Grace agrees, and points out that in addition, “an incomplete or incorrect assessment is not only unlawful and won’t withstand a challenge in court, but it can also be harmful to the child. Using inaccurate and incomplete information to form an IEP may end up providing the wrong kinds of supports and services for a child.” 


But what if your family’s medical needs mean a virtual assessment is the only option, and you don’t want to wait until you can safely do one in person again? 

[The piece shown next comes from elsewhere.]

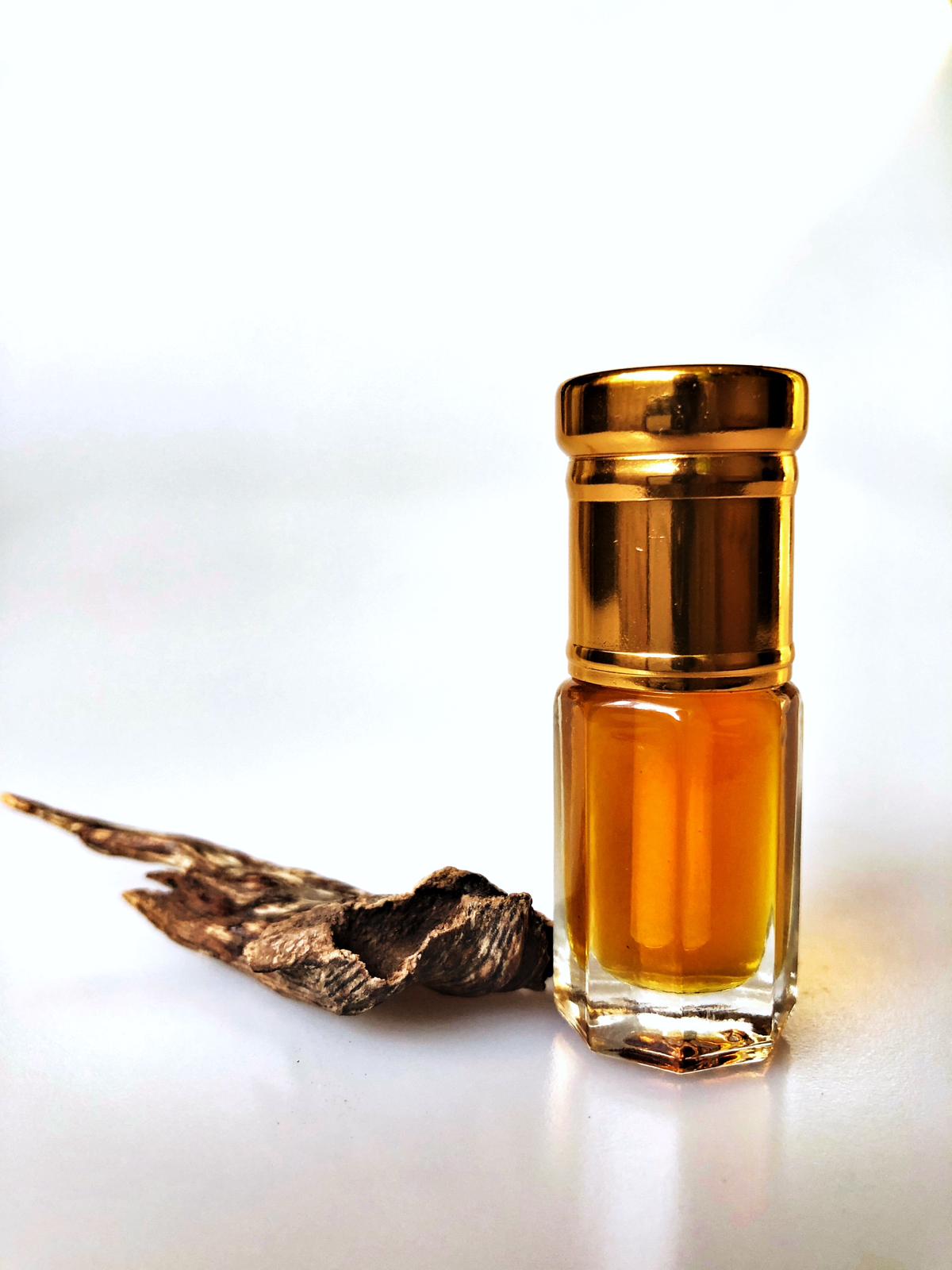 Oud Thai GOLD – Extrait de Parfum | Duftkumpels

We reached out to Dr. Rita Eichenstein, who waded into the virtual assessment quagmire soon after the pandemic began. She told us that “virtually all publishers have put their testing materials online because they recognize that this isn’t a 30-day problem — this is an ongoing reality and it’s unlikely to change.” Dr. Eichenstein has devised some ways around the issues raised by Ms. Mintzer and others:

  1. Dr. Eichenstein has all parents and districts she works with sign a COVID waiver agreeing to the changed circumstances for testing. The waiver states that because these tests were designed to be administered in person, families who proceed with virtual assessments or even an IEE must do so knowing that it has not yet been possible for publishers to establish the validity of their tests when done online. 
  2. To combat some of the issues inherent with not being in the same room with a child, Dr. Eichenstein asks parents to place a camera behind the child so she can see their body in the chair and how they work: how they point to the screen, use a pencil, etc., to provide an added layer of information. 
  3. Most tests are already adapted for kids with disabilities. Dr. Eichenstein tells us she has adapted tests such as the nonverbal RIAS-2 for Zoom by adding numbers to the pictures she holds up so that kids can both point to the object on the screen and tell her the number for the answer. She also reminds us that some tests, such as the WISC-V IQ test, require manually moving blocks to imitate a pattern, and it’s a timed test — so whether it’s administered in person or virtually, psychologists already adapt the test so that results are valid and tested according to a child’s fine and gross motor abilities. She continues, “As with in-person testing, when you’re adapting for disability, there are already some ways in which you have to deviate from standard. For example, for kids with speech apraxia, you have to take the best guess as to the sound they are making and the intention behind it.” (The same goes with children who are pre-readers, and are allowed to dictate responses rather than hand-write them.) 



Grace Clark reminds us that regardless of when — and how — you are able to get an assessment, maintaining good progress monitoring strategies is essential. You can read about a few ways to monitor your child’s progress at the link above (some are easier than you’d think!). And check out this short video from special education advocate Dr. Sarah Pelangka for tips on recording data to track your child’s progress, as well as this awesome goal tracker template

We also found it comforting to hear from Dr. Diana Fannon, CCUSD’s director of special education, that each district has the flexibility to work with families to decide whether an assessment should be performed in person or virtually. She also reminded us that “we’re already deviating from standard procedures by having kids wear masks and having Plexiglas up, and that’s already potentially compromising results that we’re getting. There are a lot of pieces to assessments we can do virtually, like interviewing parents, using rating scales, and looking at previous assessments if there’s enough information; if we can’t, we’ll write up what we can do and do the best we can, and we’ll document why we can’t complete the assessment at that time.”

Finally, to quote attorney Valerie Vanaman, “in a pandemic, everything has a twist.” In other words, this is a time for flexibility, open communication, collaboration, and creative thinking to figure out how to meet our children’s needs as best we can.